DATASET SECTION below:
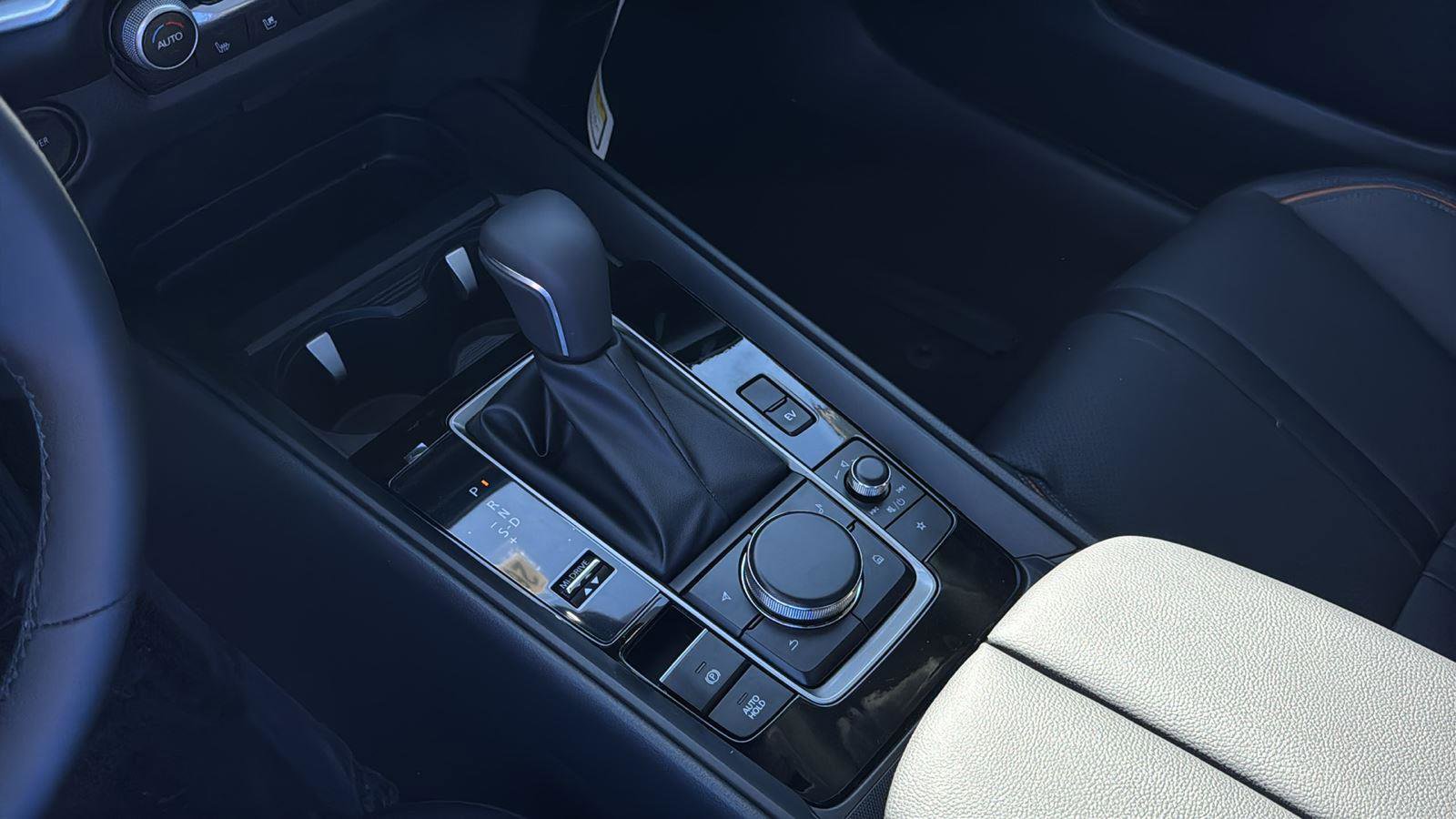 New 2026 MAZDA CX-50 AWD 2.5 Hybrid w/ Cargo Package image 15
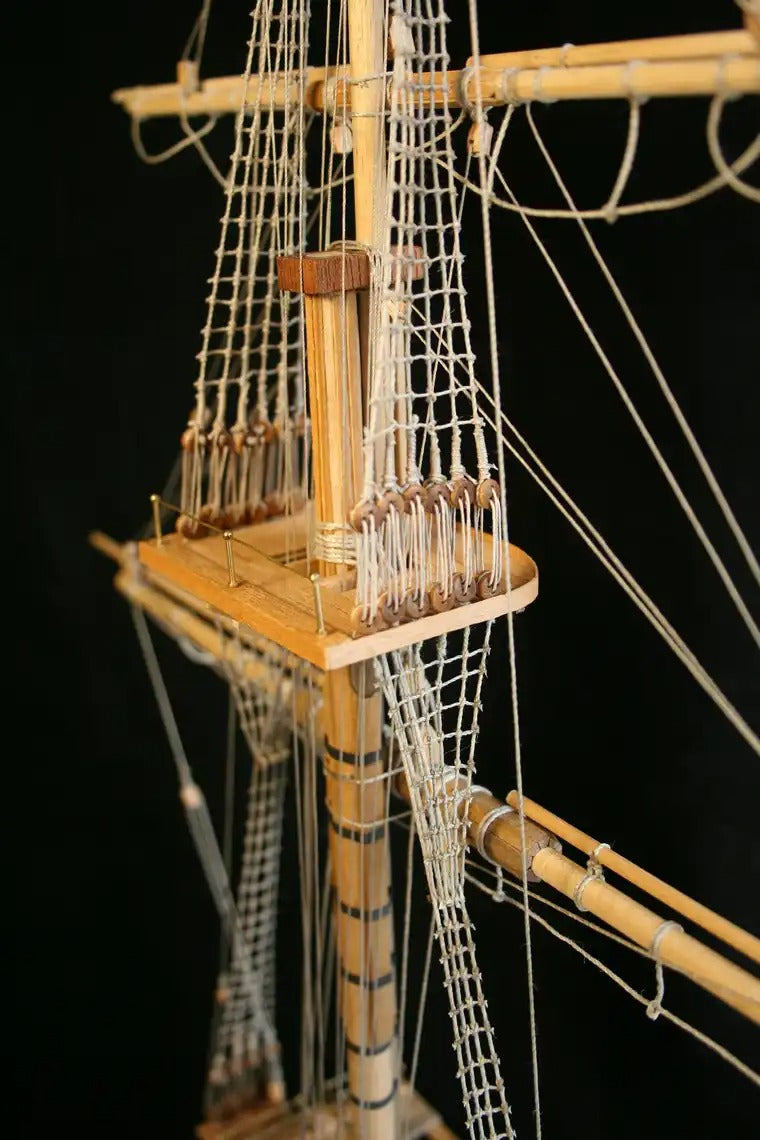 Corel - SM24 VICTORY CROSS SECTION 1:98 SCALE - Wooden Ship Model Kit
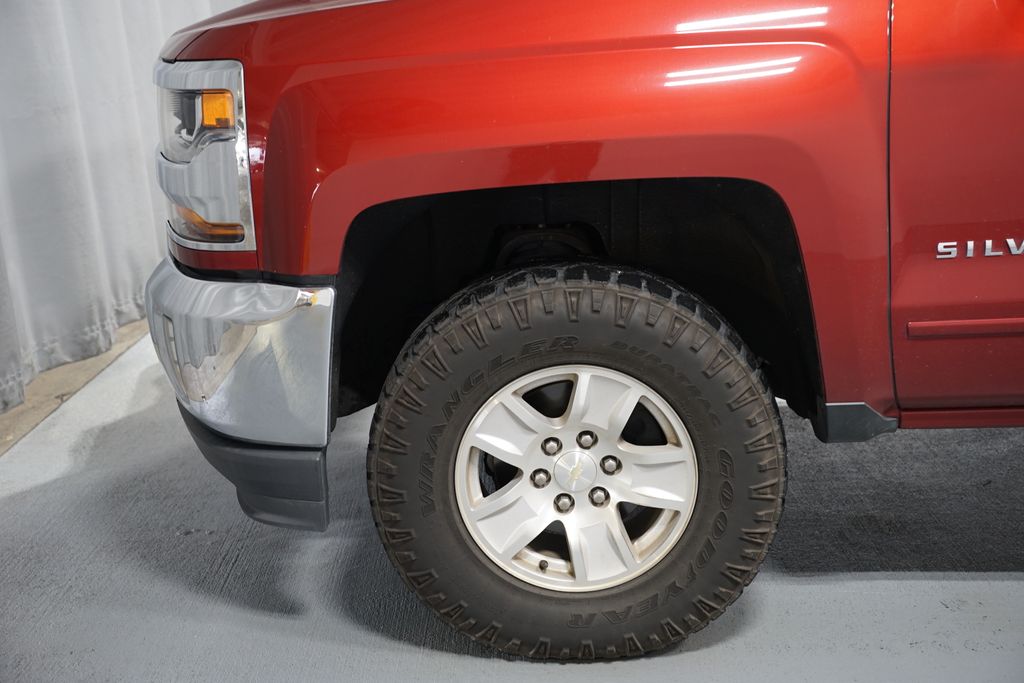 Thumbnail: 2018 Chevrolet Silverado 1500 - 5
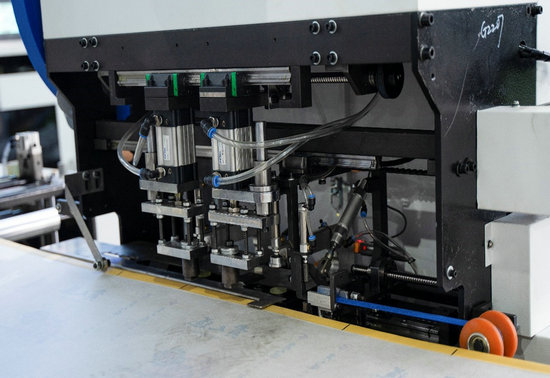 Soft Handle Sealing Unit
End of DATASET SECTION.
- **WHAT IS REQUIRED**:
All of the material should be written out again exactly, apart from the pictures.

- **EXERCISE RESPONSE**:
 New 2026 MAZDA CX-50 AWD 2.5 Hybrid w/ Cargo Package image 15
 Corel - SM24 VICTORY CROSS SECTION 1:98 SCALE - Wooden Ship Model Kit
 Thumbnail: 2018 Chevrolet Silverado 1500 - 5
 Soft Handle Sealing Unit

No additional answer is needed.